**DIRECTIONS FOR THIS TASK:** After finding "5x7.03.11.00 Buğulanmaz Koruyucu" in the material below, output its line and every line after it through the last, exactly, but not the pictures.
START INFORMATION SHOWN
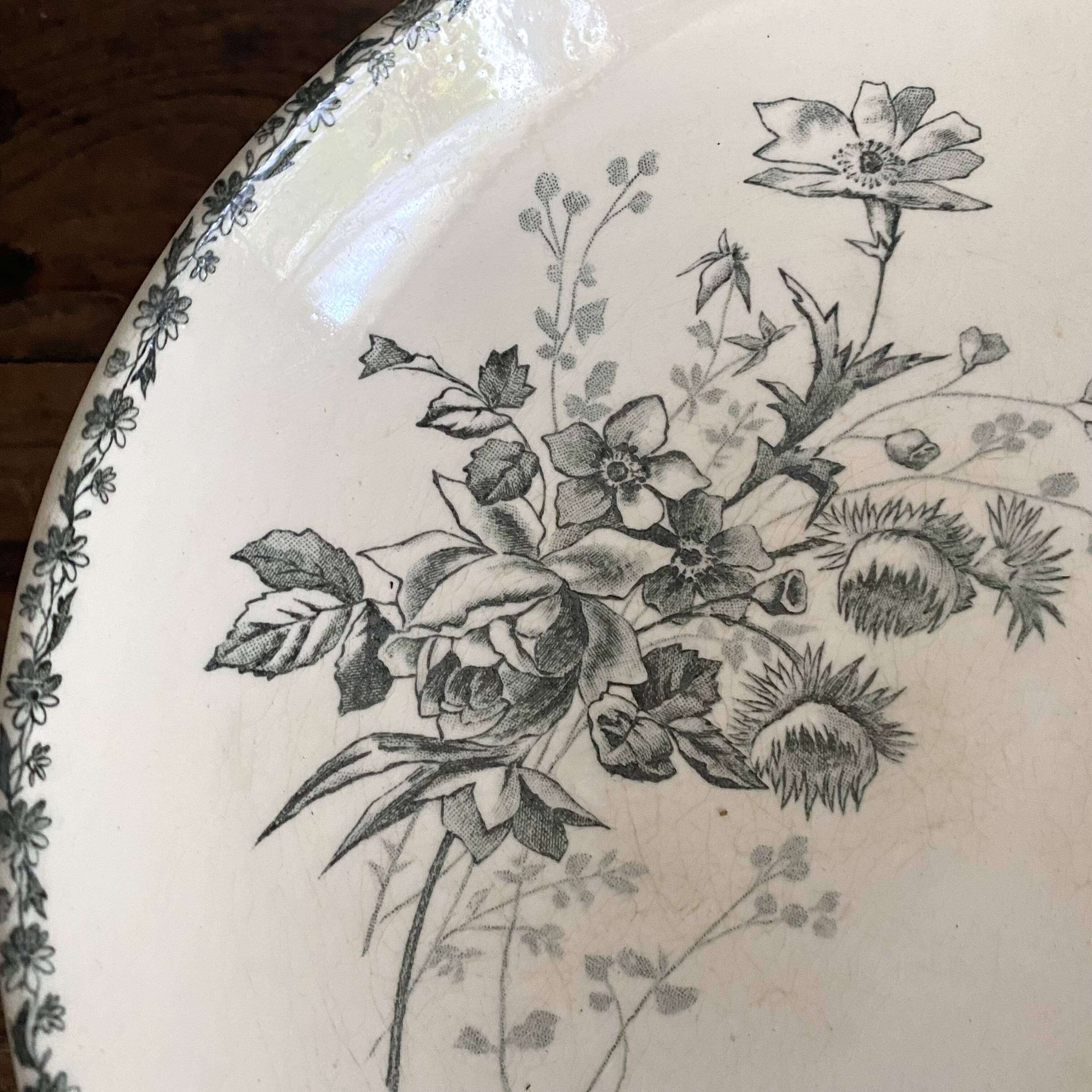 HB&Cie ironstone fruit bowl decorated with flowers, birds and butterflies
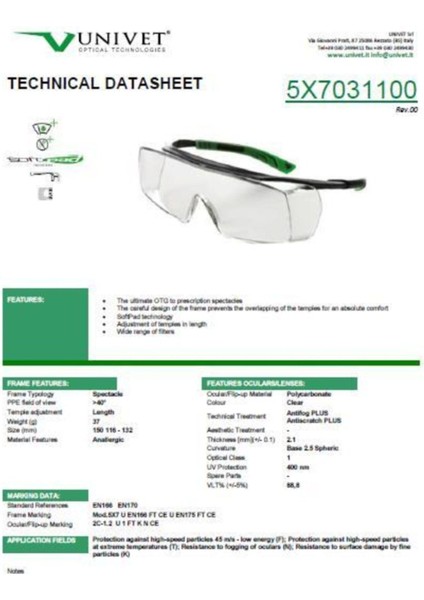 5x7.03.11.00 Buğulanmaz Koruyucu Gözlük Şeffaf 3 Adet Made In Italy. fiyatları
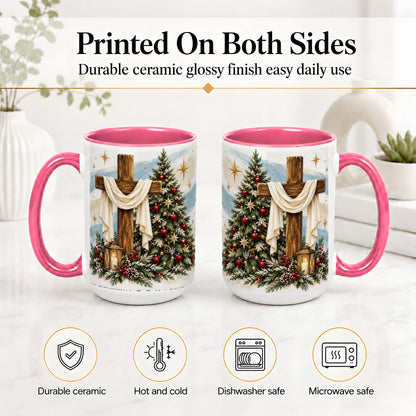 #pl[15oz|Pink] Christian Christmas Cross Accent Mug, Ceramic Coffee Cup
END INFORMATION SHOWN
**SOLUTION FOR THIS TASK:**
 5x7.03.11.00 Buğulanmaz Koruyucu Gözlük Şeffaf 3 Adet Made In Italy. fiyatları
 #pl[15oz|Pink] Christian Christmas Cross Accent Mug, Ceramic Coffee Cup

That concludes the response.